> [Work task]:
Where a line below holds the string "Hotel", copy that line.

[Brief descriptive captions]

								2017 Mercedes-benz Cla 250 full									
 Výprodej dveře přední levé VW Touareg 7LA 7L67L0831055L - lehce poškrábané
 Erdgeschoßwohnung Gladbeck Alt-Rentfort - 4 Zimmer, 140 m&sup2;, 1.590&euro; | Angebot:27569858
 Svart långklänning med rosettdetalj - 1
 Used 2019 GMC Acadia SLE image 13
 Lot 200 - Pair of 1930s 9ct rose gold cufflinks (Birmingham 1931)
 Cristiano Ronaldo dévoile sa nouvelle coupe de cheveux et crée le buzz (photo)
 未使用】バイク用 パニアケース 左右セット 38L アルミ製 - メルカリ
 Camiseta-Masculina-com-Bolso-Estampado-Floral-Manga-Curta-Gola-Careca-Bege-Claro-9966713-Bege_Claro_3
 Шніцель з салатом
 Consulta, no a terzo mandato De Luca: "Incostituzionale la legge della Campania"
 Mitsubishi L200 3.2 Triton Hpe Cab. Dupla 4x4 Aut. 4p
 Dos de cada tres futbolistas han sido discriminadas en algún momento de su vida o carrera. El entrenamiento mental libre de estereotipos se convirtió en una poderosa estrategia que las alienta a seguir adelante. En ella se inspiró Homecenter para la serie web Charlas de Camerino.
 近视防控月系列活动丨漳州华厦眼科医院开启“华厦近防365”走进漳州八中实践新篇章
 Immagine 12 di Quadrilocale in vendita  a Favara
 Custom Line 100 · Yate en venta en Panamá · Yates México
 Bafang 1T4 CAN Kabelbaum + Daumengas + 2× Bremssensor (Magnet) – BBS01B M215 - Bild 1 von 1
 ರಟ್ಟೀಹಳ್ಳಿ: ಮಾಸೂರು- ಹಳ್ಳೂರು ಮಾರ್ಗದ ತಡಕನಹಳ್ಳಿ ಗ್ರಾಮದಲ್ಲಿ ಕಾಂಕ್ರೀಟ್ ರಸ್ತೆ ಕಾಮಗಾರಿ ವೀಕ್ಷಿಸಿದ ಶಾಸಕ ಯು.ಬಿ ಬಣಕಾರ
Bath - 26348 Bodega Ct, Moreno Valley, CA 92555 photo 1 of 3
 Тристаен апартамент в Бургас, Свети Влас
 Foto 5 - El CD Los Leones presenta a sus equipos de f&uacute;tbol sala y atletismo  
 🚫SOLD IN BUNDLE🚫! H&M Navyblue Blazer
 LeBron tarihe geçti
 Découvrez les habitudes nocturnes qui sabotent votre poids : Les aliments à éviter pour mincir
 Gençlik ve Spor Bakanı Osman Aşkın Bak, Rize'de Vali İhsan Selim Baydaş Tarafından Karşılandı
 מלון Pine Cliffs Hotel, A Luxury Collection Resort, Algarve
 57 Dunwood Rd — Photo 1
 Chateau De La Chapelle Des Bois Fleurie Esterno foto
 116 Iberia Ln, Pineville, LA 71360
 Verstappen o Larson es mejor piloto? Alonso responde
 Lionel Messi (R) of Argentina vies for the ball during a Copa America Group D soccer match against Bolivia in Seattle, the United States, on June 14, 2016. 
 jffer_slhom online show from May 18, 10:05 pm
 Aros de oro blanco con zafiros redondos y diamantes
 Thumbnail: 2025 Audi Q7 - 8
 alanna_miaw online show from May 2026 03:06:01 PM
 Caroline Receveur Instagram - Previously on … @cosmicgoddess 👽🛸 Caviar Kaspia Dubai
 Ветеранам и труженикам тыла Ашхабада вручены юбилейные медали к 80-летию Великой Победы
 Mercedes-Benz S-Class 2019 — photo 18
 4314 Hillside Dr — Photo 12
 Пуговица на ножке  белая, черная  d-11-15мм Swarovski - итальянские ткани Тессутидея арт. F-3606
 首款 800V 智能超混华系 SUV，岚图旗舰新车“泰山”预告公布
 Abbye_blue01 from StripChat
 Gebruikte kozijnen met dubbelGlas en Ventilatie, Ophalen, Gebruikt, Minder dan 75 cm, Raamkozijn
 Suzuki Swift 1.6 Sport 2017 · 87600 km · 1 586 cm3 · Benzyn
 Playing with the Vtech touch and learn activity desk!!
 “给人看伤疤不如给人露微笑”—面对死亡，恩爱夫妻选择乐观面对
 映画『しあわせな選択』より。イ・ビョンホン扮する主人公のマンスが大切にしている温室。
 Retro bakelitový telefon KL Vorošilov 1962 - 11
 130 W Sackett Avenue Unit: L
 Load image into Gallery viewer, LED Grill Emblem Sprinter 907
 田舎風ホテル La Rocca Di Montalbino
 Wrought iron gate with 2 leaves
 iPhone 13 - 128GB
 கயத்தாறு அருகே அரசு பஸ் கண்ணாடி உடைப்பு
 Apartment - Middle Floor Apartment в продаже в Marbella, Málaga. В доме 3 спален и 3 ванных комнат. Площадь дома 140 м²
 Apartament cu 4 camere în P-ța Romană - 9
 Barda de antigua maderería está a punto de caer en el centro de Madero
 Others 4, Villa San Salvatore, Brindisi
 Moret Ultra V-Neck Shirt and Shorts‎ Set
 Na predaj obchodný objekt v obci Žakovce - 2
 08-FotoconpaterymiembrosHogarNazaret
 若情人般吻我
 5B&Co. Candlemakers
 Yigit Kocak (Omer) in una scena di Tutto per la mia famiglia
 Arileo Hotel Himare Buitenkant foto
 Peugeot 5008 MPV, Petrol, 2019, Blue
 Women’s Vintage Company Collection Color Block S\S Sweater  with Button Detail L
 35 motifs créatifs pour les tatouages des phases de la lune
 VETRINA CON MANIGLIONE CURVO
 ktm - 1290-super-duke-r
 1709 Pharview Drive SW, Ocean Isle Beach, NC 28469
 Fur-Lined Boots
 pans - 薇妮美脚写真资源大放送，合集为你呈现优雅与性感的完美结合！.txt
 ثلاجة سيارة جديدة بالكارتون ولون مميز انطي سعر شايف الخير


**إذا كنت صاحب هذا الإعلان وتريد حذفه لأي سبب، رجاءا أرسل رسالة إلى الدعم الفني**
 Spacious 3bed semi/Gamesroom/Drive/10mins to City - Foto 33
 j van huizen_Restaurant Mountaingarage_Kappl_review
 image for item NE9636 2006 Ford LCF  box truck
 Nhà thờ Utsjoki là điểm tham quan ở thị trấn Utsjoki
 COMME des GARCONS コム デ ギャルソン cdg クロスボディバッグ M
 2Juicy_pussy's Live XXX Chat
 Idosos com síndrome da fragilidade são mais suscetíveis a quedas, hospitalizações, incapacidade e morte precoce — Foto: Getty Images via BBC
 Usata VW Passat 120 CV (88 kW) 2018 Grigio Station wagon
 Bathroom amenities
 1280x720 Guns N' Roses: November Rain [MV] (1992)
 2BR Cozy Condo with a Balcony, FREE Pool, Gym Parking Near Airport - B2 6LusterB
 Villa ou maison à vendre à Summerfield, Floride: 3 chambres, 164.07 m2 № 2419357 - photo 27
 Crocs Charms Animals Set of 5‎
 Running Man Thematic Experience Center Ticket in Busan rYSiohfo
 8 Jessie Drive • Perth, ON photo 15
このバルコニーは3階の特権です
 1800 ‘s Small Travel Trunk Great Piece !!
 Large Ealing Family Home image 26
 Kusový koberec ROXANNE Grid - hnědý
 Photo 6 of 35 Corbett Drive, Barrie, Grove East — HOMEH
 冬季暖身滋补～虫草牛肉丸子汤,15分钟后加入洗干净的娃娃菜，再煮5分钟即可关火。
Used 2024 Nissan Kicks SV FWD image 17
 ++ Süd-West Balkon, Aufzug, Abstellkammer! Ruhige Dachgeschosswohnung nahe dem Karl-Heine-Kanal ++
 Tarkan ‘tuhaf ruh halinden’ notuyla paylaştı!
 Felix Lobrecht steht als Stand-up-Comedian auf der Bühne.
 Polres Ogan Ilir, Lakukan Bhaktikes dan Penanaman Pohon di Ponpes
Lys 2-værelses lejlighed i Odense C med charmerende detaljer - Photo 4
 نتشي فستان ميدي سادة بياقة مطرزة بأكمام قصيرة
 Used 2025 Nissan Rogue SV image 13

> [Response to the task]:
 מלון Pine Cliffs Hotel, A Luxury Collection Resort, Algarve
 Arileo Hotel Himare Buitenkant foto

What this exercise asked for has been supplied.